The Apostles' Teaching was the inspired Word of God that was being taught to the early church. It included both the Old Testament which the Apostles affirmed, explained, and applied as well as the New Testament revelation that they were directly receiving. Today at Cornerstone, we seek to study, understand, and apply the Word of God in our Sunday service, Care Groups, and our homes.
The word "fellowship" denotes close relationships. Fellowship was not simply believers "hanging out." It came to mean any kind of ministry where we exchange, celebrate, and nurture what we already have in common in Jesus Christ. Today at Cornerstone, we desire to create opportunities for true fellowship among believers where God is glorified, relationships are strengthened, and individuals are edified and encouraged in the truth of the gospel.
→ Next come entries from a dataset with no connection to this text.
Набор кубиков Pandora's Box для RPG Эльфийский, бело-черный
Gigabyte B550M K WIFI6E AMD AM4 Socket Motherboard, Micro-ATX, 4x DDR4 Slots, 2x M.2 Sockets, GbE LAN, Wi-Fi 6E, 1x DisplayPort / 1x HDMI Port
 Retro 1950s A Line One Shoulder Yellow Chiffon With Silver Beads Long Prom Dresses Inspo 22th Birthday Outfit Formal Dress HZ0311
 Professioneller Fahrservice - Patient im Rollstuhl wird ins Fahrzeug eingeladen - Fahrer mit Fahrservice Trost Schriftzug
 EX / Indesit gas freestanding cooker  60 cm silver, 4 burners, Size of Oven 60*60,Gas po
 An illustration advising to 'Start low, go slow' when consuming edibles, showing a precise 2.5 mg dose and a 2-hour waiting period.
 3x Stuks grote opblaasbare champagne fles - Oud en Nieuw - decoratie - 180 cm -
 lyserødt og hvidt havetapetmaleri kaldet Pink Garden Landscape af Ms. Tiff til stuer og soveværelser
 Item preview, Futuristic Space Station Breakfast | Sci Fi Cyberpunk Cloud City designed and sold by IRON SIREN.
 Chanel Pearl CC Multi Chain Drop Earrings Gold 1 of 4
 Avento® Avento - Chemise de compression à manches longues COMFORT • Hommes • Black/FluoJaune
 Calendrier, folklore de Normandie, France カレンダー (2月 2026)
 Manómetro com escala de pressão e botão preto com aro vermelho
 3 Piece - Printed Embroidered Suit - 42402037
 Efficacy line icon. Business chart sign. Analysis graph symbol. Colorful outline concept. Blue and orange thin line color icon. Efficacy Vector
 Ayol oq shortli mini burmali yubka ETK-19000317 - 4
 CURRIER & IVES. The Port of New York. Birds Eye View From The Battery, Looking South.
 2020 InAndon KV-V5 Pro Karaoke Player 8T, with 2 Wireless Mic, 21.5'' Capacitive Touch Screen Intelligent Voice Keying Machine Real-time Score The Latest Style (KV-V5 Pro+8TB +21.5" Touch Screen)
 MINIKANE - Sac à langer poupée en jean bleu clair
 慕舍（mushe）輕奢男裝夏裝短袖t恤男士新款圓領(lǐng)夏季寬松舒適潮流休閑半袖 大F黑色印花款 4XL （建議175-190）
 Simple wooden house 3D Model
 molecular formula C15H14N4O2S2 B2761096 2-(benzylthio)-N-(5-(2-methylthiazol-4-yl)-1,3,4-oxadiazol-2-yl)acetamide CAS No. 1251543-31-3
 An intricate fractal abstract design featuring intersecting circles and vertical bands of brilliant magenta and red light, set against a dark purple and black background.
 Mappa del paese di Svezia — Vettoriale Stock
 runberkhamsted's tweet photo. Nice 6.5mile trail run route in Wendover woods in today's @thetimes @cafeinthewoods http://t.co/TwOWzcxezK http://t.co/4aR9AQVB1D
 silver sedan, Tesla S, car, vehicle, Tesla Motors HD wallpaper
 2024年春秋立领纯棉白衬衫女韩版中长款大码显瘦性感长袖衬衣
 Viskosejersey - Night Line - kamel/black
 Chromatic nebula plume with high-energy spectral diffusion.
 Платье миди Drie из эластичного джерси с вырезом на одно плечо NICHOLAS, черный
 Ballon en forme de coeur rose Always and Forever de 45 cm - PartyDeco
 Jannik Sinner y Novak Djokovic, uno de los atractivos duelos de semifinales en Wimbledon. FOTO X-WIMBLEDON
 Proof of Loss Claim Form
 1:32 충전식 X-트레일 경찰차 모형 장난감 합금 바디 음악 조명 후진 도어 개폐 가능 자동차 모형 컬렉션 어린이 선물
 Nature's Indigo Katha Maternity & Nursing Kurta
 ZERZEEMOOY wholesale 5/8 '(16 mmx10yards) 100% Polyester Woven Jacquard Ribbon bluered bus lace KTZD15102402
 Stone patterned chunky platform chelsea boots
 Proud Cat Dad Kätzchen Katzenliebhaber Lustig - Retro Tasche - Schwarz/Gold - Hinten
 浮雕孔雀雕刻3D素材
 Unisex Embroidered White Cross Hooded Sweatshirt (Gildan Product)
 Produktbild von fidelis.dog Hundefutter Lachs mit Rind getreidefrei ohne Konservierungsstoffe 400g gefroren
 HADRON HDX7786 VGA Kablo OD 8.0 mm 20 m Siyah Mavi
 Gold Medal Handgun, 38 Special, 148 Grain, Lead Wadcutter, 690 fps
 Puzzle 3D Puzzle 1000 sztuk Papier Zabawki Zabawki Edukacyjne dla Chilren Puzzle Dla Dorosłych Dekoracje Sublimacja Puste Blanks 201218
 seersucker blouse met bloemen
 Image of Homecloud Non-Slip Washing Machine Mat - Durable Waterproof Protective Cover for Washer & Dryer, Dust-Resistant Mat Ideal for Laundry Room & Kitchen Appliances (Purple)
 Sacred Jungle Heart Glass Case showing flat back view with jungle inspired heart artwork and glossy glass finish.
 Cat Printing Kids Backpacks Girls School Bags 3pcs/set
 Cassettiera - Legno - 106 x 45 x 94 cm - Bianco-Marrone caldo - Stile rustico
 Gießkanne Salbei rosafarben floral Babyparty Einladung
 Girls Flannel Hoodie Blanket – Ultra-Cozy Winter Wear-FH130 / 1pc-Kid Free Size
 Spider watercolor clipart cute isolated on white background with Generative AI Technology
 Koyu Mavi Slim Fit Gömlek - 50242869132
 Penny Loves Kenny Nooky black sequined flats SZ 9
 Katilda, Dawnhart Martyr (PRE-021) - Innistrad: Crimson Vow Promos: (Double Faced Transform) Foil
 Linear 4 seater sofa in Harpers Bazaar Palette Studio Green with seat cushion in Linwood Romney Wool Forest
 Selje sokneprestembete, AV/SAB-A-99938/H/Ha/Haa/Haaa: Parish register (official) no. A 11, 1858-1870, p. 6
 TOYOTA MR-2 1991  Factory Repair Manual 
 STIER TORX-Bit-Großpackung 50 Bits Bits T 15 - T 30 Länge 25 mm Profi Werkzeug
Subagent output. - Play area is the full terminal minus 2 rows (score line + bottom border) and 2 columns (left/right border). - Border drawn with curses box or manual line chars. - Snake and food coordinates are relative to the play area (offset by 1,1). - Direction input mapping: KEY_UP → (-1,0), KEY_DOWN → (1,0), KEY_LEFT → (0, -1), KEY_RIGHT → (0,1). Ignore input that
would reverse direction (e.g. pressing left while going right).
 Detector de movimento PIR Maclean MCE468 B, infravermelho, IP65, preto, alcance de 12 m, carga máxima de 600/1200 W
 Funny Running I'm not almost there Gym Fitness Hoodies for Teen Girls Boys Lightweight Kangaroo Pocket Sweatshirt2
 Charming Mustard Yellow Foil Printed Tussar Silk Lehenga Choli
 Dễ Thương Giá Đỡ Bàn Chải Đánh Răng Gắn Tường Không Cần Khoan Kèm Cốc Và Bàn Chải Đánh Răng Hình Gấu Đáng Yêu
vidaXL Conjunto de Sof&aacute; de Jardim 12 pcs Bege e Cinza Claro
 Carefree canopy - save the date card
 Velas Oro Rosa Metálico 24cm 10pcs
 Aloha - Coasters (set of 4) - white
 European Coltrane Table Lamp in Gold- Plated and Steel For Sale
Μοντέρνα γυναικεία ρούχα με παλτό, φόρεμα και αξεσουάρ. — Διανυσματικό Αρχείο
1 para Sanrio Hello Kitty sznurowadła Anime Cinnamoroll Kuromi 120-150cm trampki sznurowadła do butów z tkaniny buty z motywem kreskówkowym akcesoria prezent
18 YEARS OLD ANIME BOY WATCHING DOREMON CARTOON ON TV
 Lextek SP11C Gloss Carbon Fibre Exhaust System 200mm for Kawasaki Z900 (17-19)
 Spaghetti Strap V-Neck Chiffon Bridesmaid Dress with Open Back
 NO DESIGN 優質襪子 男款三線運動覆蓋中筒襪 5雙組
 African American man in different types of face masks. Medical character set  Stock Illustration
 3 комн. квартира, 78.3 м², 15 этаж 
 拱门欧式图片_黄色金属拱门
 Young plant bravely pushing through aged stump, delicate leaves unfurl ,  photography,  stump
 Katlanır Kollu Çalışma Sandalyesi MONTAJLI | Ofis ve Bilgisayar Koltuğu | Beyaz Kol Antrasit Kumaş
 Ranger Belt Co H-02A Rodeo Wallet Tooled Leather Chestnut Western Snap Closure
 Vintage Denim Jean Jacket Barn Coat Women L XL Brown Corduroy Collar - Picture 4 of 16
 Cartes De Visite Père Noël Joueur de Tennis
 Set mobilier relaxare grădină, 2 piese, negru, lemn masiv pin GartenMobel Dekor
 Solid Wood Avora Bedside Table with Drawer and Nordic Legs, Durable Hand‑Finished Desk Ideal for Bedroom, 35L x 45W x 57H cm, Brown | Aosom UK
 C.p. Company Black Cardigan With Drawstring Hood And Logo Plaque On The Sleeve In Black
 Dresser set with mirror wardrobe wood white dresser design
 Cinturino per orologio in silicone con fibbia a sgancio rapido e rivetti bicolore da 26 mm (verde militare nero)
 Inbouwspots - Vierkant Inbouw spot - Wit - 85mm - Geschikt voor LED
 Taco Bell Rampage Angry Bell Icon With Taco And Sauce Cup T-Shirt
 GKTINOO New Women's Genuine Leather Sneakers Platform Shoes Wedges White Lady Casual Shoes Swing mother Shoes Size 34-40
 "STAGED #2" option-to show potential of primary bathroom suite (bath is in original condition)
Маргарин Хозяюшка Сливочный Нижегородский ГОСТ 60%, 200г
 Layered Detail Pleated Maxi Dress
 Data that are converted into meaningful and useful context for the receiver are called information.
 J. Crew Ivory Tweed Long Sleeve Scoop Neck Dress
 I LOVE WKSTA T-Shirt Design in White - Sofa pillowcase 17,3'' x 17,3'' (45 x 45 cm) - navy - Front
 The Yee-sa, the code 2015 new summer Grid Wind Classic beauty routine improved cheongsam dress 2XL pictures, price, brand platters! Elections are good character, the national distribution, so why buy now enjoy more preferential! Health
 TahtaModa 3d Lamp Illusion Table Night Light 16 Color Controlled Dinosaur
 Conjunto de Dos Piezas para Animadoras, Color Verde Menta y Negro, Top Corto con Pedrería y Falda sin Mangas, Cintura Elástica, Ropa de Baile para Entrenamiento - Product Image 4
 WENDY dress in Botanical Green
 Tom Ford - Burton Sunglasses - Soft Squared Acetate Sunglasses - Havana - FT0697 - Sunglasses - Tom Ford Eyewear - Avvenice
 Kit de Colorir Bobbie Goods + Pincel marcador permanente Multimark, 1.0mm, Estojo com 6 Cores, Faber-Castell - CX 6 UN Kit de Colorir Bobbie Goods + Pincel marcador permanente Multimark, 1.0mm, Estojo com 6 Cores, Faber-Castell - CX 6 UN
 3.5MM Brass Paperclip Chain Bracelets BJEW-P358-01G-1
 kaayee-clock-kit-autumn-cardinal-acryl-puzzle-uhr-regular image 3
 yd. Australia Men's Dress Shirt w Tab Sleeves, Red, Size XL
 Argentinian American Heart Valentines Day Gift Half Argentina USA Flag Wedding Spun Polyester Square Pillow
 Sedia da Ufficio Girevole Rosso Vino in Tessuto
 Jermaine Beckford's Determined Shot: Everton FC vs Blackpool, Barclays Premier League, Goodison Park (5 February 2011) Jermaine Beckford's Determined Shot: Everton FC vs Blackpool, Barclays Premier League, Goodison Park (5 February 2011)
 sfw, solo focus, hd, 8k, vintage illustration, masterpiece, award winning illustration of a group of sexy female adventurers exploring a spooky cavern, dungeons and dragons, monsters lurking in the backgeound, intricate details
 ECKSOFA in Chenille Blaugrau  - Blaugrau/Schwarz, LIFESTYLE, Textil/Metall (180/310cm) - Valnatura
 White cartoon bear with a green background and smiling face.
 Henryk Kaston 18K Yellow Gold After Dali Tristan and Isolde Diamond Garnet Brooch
In the original language the phrase is actually "the breaking of THE bread," and signified the celebration of the Lord's supper or communion. The early church remained committed to obediently observe and celebrate the Lord's death through the ordinance of communion. Today at Cornerstone, we seek to keep the Lord's death before us by remembering His death on the cross and celebrating the power and hope of the gospel through communion. Whether once a month in our Sunday service or each week in our Care Groups, we come face to face with the power of the cross as we participate in the breaking of the bread.
The early church was devoted to prayer and not simply as individuals but corporately as the church. They recognized the importance of time spent worshiping, praising, and petitioning God by coming into His presence as a body in prayer. Today at Cornerstone, we seek to keep prayer a vital part of our relationship with Jesus Christ. Thus, we devote a portion of our time each week in our Care Groups to the practice and privilege of corporate prayer. Additionally, we seek to reserve special Sundays for times of corporate praise, thanksgiving, and prayer.